I had a friend that had cabin in Colorado with radiant heat...coldest most worthless sob I ever spent time in, and he spent a fortune on it.

Good insulation on the building and thermostatically controlled heat and a/c is best for me. I have propane (..rural area) which will heat my shop in a hurry (brings it up to 70 degrees in 25 minutes on sub 30's days) and will burn you out if you like it hot. I could speed dry paint if I wanted too.

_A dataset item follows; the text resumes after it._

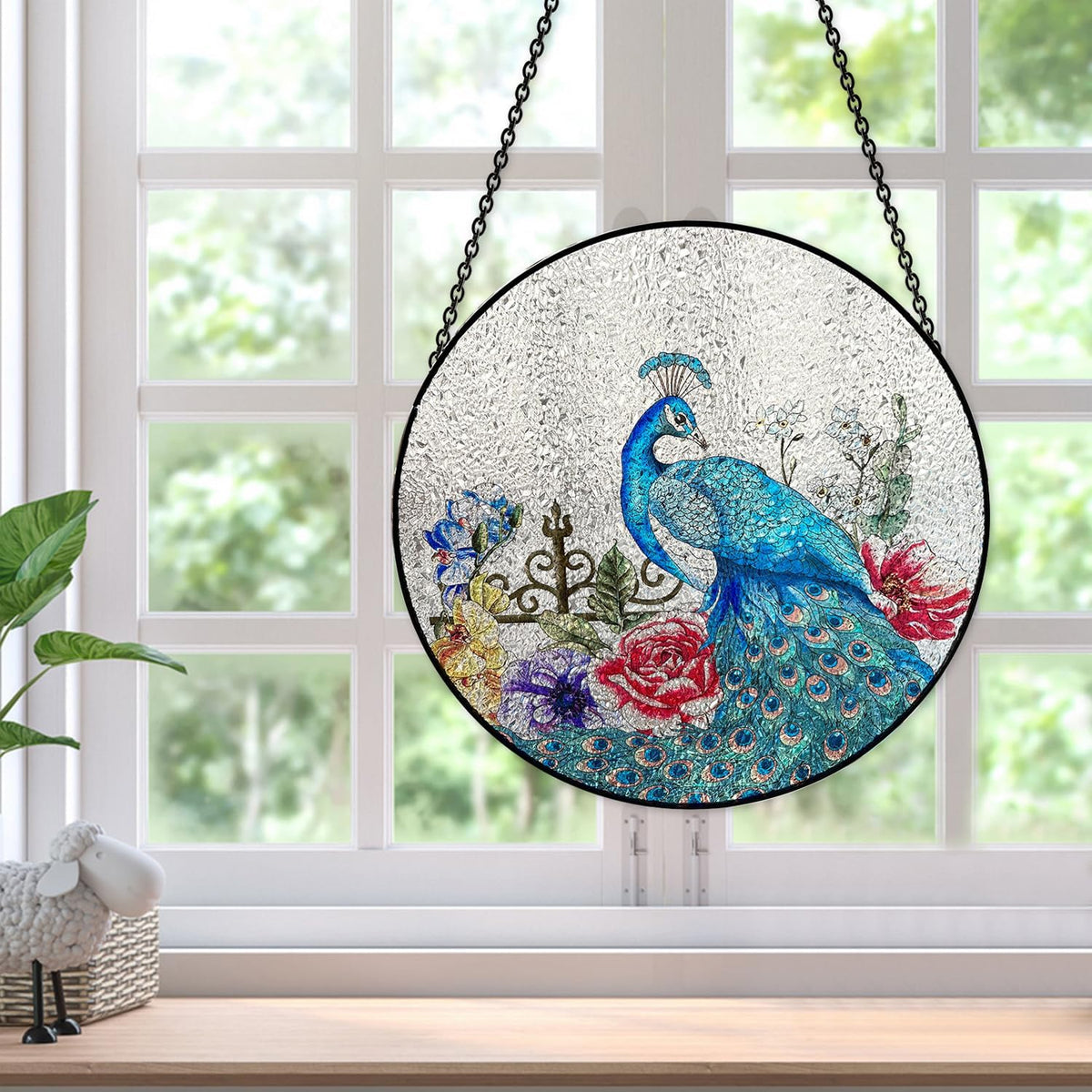 Peacock Hanging Stained Glass for Windows,20cm/7.87inch Stained Glass Suncatcher Garden Hangings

Oh yeah...I only used 80 gallons of propane in the last year, with 4 inches of closed cell foam insulation on a metal building. You could practically heat that building with a candle. It is a two room 40 x50 shop building that I heat whatever room I am using that day (one 20x40 dirty room, welding, water sanding, paint, whatever,) and one 30x40 clean room (engine work, auto lift, gun finishing, reloading etc). I'm in the shop more than in my home ...

Insulation is the key...closed cell foam is impossible to beat imho. It also makes the building air tight. It is expensive ...but that's where the $$$ really make a difference.

I bought residential heat and cool units, one for each room(used reasonably high efficiency later models). Both are propane heat, R22 a/c. A friend and I installed them ..less than a $1100 spent on both units combined, which is way cheap unless you are a good scrounger too. ( I have rental property and know a few helpful people.)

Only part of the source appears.